Eine ganz kurze Zeit, ein paar Sommer lang Mitte der neunziger Jahre, war die taz-Kulturredaktion eine verschworene Gemeinschaft von Solisten. Was man nachts in der Oranienstraße gehört, in den Kunstwerken gesehen oder bei Richard Shusterman gelesen hatte, wurde morgens mit fliegenden Fingern dem Leser zugemorst. "Das alles gibt es also", war ein sprechender Buchtitel jener elektrischen Tage. Kleider von Vivienne Westwood, Filme von Whit Stillman, Musik von Wilco - es gab für alles Aficionados, die keine Gefangenen machten. Aber niemand von uns hat all das mit derartig brennender Hingabe und enzyklopädischem Überblick betrieben wie Harald Fricke, offiziell Kunstredakteur, eigentlich Pop-Literat. Das Genre hat in ihm seinen würdigsten Vertreter verloren: er war zwar ironisch, aber nie ohne Liebe, und das ständige Kreisen der Stuckrad-Barres um die eigene verkokste Nasenspitze war ihm fremd. Er hat eben auch selbst "aufgelegt" in der Clubszene nach dem Mauerfall, und kannte überhaupt beide Seiten der Kunstproduktion - womit er ein absoluter Einzelfall war.

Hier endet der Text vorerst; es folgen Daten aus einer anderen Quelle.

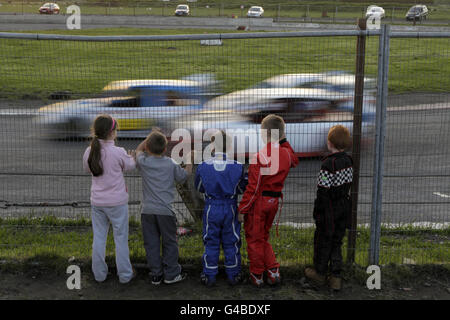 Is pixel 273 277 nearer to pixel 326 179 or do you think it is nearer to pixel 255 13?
pixel 326 179

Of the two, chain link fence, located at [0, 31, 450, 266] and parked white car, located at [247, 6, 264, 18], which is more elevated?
parked white car, located at [247, 6, 264, 18]

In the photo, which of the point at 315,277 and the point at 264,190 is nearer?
the point at 264,190

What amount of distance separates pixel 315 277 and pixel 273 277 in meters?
0.44

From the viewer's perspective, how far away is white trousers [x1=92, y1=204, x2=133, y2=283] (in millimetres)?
5312

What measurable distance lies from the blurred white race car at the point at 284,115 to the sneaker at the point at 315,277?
47.4 inches

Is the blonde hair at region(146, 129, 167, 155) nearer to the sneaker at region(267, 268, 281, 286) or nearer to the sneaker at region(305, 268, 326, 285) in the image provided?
the sneaker at region(267, 268, 281, 286)

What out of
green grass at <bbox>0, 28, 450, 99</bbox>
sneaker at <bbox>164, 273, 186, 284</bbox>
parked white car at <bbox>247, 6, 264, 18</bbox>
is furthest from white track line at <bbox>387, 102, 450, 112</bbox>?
parked white car at <bbox>247, 6, 264, 18</bbox>

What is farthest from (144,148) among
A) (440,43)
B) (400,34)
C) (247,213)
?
(440,43)

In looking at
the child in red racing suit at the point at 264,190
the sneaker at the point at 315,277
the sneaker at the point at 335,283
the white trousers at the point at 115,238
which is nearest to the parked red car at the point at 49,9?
the white trousers at the point at 115,238

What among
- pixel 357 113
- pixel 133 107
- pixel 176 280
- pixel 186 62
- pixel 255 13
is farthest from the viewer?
pixel 255 13

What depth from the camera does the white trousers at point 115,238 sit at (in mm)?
5312

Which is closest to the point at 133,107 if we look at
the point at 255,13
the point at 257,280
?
the point at 257,280

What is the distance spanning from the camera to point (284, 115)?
5645 mm

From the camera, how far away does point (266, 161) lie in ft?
16.8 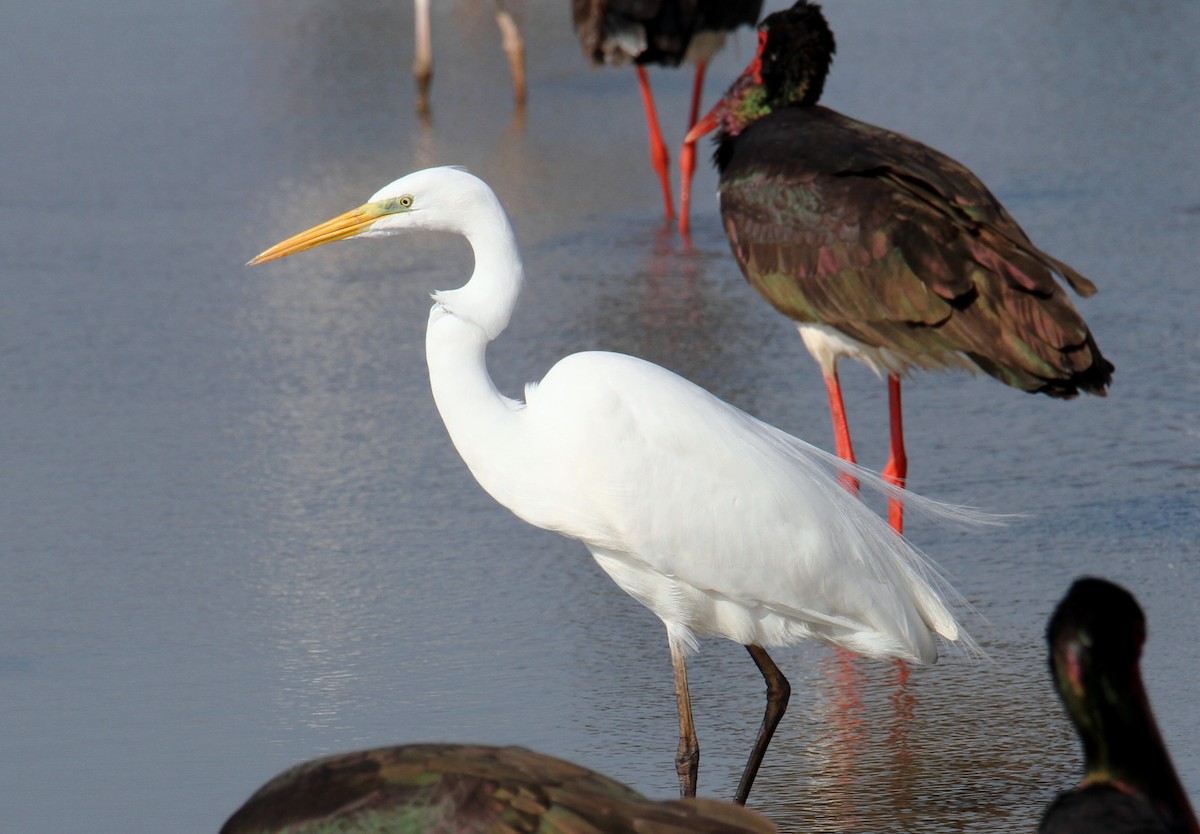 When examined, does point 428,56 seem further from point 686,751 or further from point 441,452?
point 686,751

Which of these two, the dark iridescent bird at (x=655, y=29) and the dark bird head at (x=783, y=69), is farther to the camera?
the dark iridescent bird at (x=655, y=29)

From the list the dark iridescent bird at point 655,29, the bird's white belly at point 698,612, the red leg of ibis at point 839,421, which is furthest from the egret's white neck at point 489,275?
the dark iridescent bird at point 655,29

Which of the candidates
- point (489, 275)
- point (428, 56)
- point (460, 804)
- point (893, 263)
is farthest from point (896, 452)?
point (428, 56)

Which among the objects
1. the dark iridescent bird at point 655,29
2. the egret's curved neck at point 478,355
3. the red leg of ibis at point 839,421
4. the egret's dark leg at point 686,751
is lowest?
the egret's dark leg at point 686,751

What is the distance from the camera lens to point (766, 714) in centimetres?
452

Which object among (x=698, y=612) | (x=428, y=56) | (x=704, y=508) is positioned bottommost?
(x=698, y=612)

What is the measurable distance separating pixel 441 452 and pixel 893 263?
71.6 inches

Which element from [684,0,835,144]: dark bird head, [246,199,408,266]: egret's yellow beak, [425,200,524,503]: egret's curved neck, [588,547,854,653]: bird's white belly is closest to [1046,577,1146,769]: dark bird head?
[588,547,854,653]: bird's white belly

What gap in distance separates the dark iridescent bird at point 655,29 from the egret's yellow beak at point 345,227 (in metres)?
5.80

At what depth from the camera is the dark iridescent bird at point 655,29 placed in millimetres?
10523

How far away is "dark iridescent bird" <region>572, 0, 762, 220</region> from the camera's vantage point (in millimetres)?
10523

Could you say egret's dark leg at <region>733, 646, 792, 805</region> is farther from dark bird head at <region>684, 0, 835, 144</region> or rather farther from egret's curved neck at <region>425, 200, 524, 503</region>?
dark bird head at <region>684, 0, 835, 144</region>

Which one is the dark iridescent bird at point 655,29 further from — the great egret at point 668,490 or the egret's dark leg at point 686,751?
the egret's dark leg at point 686,751

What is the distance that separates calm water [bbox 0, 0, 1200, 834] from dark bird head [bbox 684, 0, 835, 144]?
41.4 inches
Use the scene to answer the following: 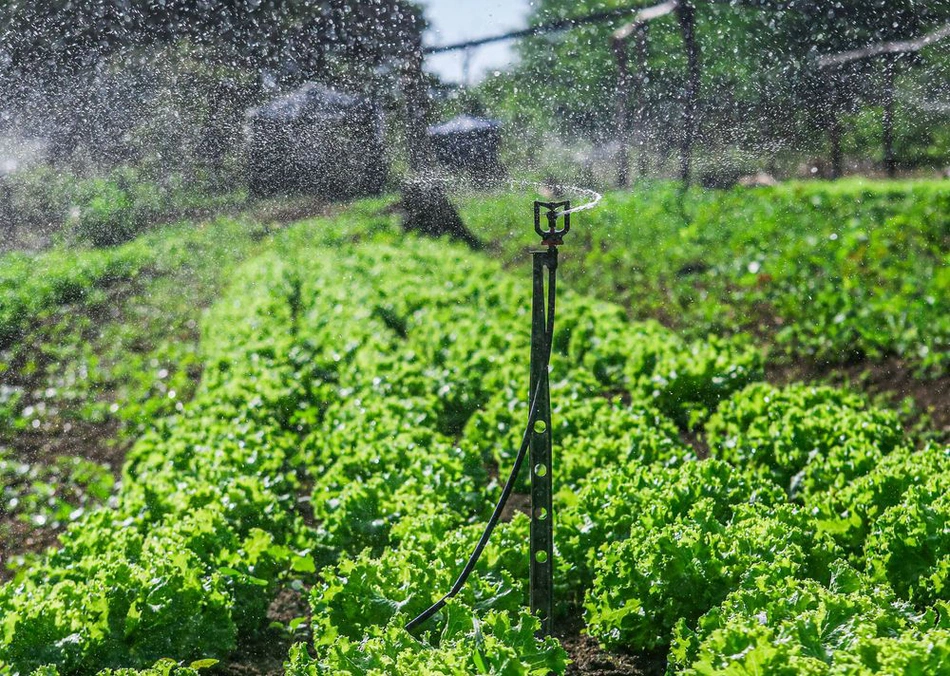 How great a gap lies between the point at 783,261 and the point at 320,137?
6.00m

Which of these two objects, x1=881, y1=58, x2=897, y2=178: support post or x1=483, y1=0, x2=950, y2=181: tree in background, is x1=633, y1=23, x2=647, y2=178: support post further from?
x1=881, y1=58, x2=897, y2=178: support post

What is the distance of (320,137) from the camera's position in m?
5.12

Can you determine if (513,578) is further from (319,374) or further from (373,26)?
(319,374)

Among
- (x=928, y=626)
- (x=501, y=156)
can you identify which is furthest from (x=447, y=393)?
(x=928, y=626)

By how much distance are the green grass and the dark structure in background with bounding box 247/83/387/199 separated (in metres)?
0.98

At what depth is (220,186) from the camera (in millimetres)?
7613

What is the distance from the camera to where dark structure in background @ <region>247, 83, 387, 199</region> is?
477cm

Nehmen wir diesen Abend nach einer Diskussion in der Nähe des Holocaust-Mahnmals, das damals noch eine schaurig-interessante, aber schlecht gesicherte Baustelle war. Die angebotene Mitfahrgelegenheit schlug er höflich aus. Harald wollte den Ort im Dunkeln in Augenschein nehmen. Er stürzte in ein Loch, brach sich beide Arme und stand dann an der Straße, wo er versuchte, nur mit seinen Blicken ein Taxi anzuhalten - was auch gelang. Man brachte ihn zu einer Ambulanz, wo die Schwester seine Versicherungskarte zu sehen verlangte. Aber weil Harald Fricke niemals einen fremden Menschen bitten würde, in seiner Hosentasche nach dem Portemonnaie zu wühlen, zog er unter entsetzlichen Schmerzen das Gewünschte selbst hervor. Er wäre niemals auf die Idee gekommen, eine Krankenschwester zur Minna zu machen - und auch sonst niemanden, jemals.

Eine seiner vielen Leidenschaften - stets hanseatisch-elegant ausgelebt - war das Soul-Label Motown, wie es entstand, brillierte und wie es unterging, und wir waren uns damals einig, dass in ihm ein Schwarzer steckte, der rauswollte. Das war ihm nicht unbedingt anzusehen. Blond, später ins Graue gehend, war er stets mit raschem Schritt auf weichen Sohlen unterwegs, allerdings kaum je an der Sonne. Leute, die etwa Baden gingen, waren ihm ein Rätsel. (Er ekelte sich auch vor Füßen). Sein Vater war Schauspieler und Musiker gewesen, und irgendwie war die Familie im Norddeutschen umhergezogen, keine feste Schule, keine festen Freunde, aber eben eine wachsende Kollektion von gelesenem und gehörtem Strandgut.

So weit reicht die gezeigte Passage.